Online Tensor Learning: Computational and Statistical Trade-offs, Adaptivity and Optimal Regret

We investigate a generalized framework for estimating latent low-rank tensors in an online setting, encompassing both linear and generalized linear models. This framework offers a flexible approach for handling continuous or categorical variables. Additionally, we investigate two specific applications: online tensor completion and online binary tensor learning. To address these challenges, we propose the online Riemannian gradient descent algorithm, which demonstrates linear convergence and the ability to recover the low-rank component under appropriate conditions in all applications. Furthermore, we establish a precise entry-wise error bound for online tensor completion. Notably, our work represents the first attempt to incorporate noise in the online low-rank tensor recovery task. Intriguingly, we observe a surprising trade-off between computational and statistical aspects in the presence of noise.
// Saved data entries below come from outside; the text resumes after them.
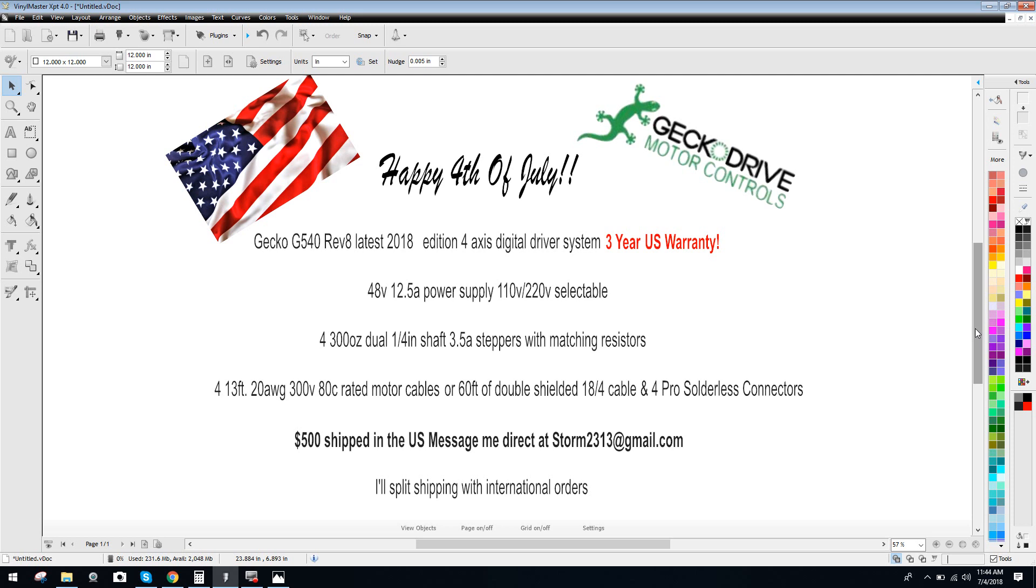So once again, everybody have a great fourth, celebrate with your family, eat well. And again, God bless America. Take care.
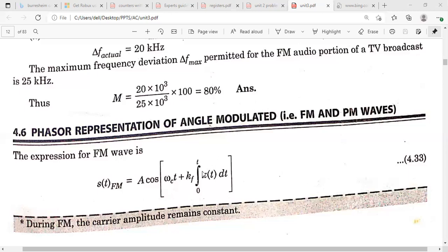Before proceeding, the standard expression for the FM wave is: A·cos(ωc·t + kf·∫x(t)dt), where the integration term represents the FM wave, ωc is the carrier frequency, and kf is the frequency sensitivity. This differs from the phase modulated wave expression.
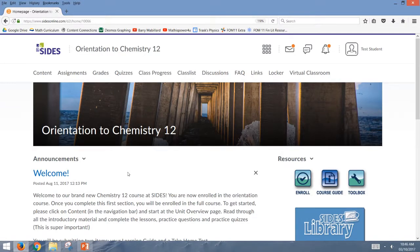This is just going to be a short video on how to view your feedback from quiz attempts that you've written at SidesOnline.com.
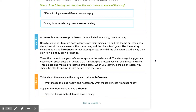Why did the characters act the way they did? How did they grow or change? Then think about how your inferences apply to the wider world. The story might suggest an observation about people in general, or it might give a lesson you can use in your own life. These ideas are morals, and morals are themes of the story.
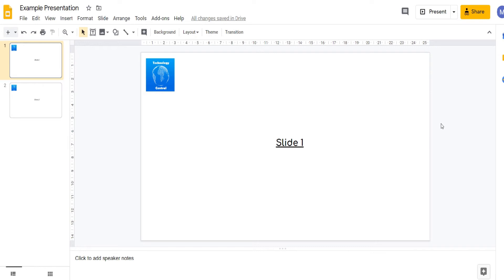Hello, it's Technology Central here and welcome to the final video in our six-part tutorial series on Google Slides. In this video we're going to show you how to apply transitions between your slides and animate objects within your slide.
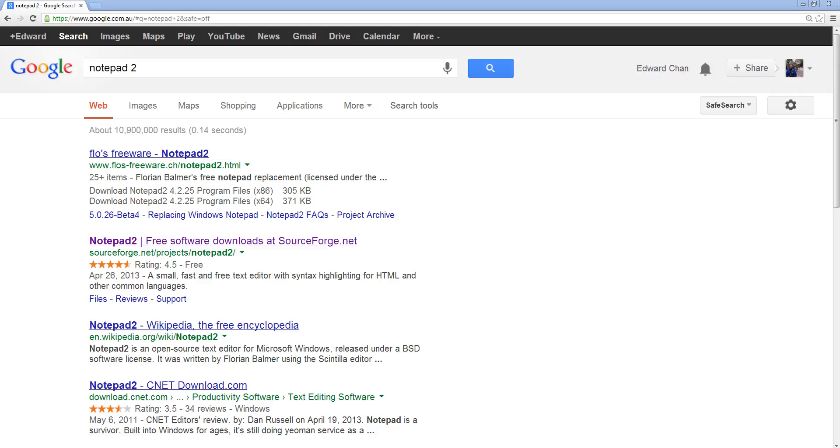Hey guys, welcome to another PHP tutorial. Just before we get started, there's one more program that I need you guys to download and that's Notepad 2. So make sure you get that program.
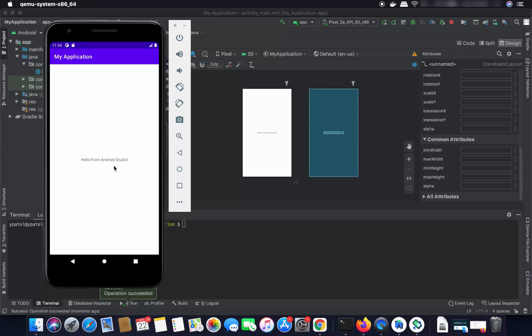Everything is working, which means we have successfully installed Android Studio on our Mac and tested it with a sample project. This is how you can download and install Android Studio on your Mac. I hope you enjoyed this video and I'll see you in the next one.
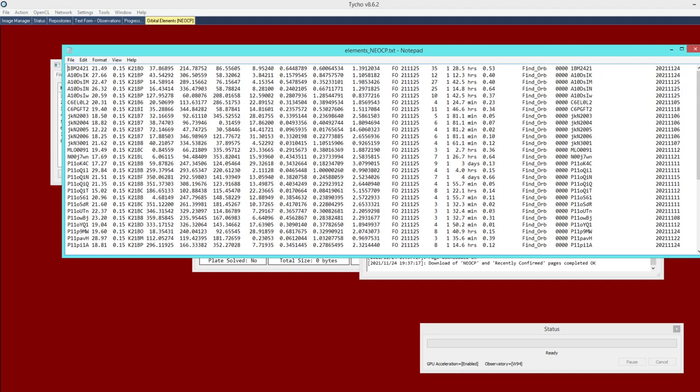One caveat here though is that if you happen to have a comet with high eccentricity, then that has to be stored in a different format because those kinds of objects have a different set of orbit elements associated with them. You cannot store two different formats in the same file.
Increasing the step size accelerates convergence but leads to higher statistical error, whereas a smaller step size yields a statistically optimal estimator at the expense of slower convergence. Moreover, we conduct regret analysis for online tensor regression. Under the fixed step size regime, a fascinating trilemma concerning the convergence rate, statistical error rate, and regret is observed. With an optimal choice of step size we achieve an optimal regret of $O(\sqrt{T})$. Furthermore, we extend our analysis to the adaptive setting where the horizon T is unknown. In this case, we demonstrate that by employing different step sizes, we can attain a statistically optimal error rate along with a regret of $O(\log T)$. To validate our theoretical claims, we provide numerical results that corroborate our findings and support our assertions.